Сам Скотт становился абсолютно другим человеком, когда после обеда садился во главе длинного стола и переходил от полярных вопросов к председательству в том, что он называл «Антарктическим университетом». Становилось понятно, что это его настоящая стихия, что он скорее кабинетный ученый, чем офицер военно-морского флота. На Симпсона производила большое впечатление «разносторонность его ума. Не было ни одного специалиста, который не получал бы удовольствие от обсуждения с ним предмета своих исследований». Вероятно, Скотту стоило сделать карьеру технического специалиста или стать талантливым популяризатором науки, учитывая его несомненный литературный дар.
Безусловно, в науке Скотт видел прекрасную возможность повысить свой авторитет. Он раздражался при виде малейших признаков бездействия среди ученых (которое могло быть всего лишь паузой, взятой на размышления), боясь того, что это скажется на их результативности в целом, а следовательно, на его положении руководителя научной экспедиции.

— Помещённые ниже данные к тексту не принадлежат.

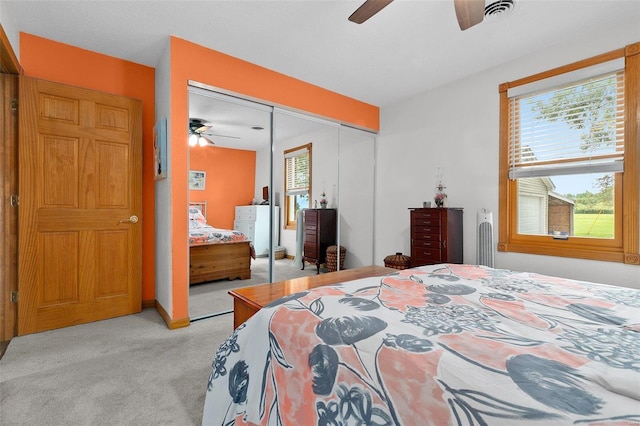 bedroom featuring light carpet, ceiling fan, multiple windows, and a closet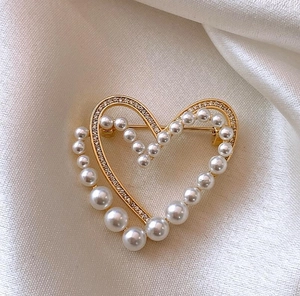 Détail d'une élégante broche cœur dorée avec perles blanches et strass brillants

У Скотта начался внутренний кризис. Видимо, его полностью вымотало двойное соперничество с Шеклтоном и Амундсеном. Переменчивость и раздражительность, известные окружающим со времен «Дискавери», с годами превратились в симптомы тяжелой депрессии, прерываемой спазмами эйфории. Он окончательно потерял умение приспосабливаться, стал пугающе негибким и неуравновешенным. Особенно это беспокоило Оутса и Аткинсона. Оба привыкли к командной иерархии, но никто из них не сталкивался ни с чем подобным со стороны вышестоящих офицеров. Иногда Скотт сердился целый день, особенно часто – на «Тедди» Эванса. В любой момент он мог кому угодно нагрубить, затем начать интриговать, после этого уйти в себя, стать угрюмым, замкнуться и удалиться от реальности, превратившись в неприступный айсберг.
Ясно, что помимо психических проблем самого Скотта причины такого поведения следовало искать в изоляции, в которой на своем корабле находился капитан британского военно-морского флота, окутанный тайной, словно всемогущий Бог. Но правильнее все-таки будет сказать, что Скотт оказался плохим капитаном. Он был «человеком с большого корабля», привыкшим к анонимности и большому экипажу, а экспедиция нуждалась в «человеке с малого корабля», капитане эсминца, легкого крейсера или даже подводной лодки, который умел наладить тесный контакт с командой. В военно-морском флоте хорошо знают разницу между ними, это вопрос свойств личности, и одного человека нельзя заменить другим.
Но среди таких капитанов тоже встречаются хорошие и плохие командиры. Например, многие капитаны огромных линкоров точно понимают, как установить контакт со своими подчиненными, и прекрасно знают, что происходит в самом дальнем уголке их «большого хозяйства». В любом случае эмоциональное напряжение людей во время зимовки было очень велико, и достойно перенести изоляцию мог только по-настоящему сильный человек. Скотт не сумел справиться с ситуацией, это оказалось выше его сил.
Теперь у него появилось ощущение, что военно-морской флот оставил его в полном одиночестве. В Кейптауне и Литтлтоне он не получил помощи в доках военно-морского флота – унизительный момент, особенно в сравнении с тем, что делали для «Дискавери». Вывод был очевиден: его продвижение по службе зависело от того, что произойдет в точке 90° южной широты. Если все будет хорошо, он сможет рассчитывать на звание контр-адмирала в 1913 году. Или полюс – или ничего.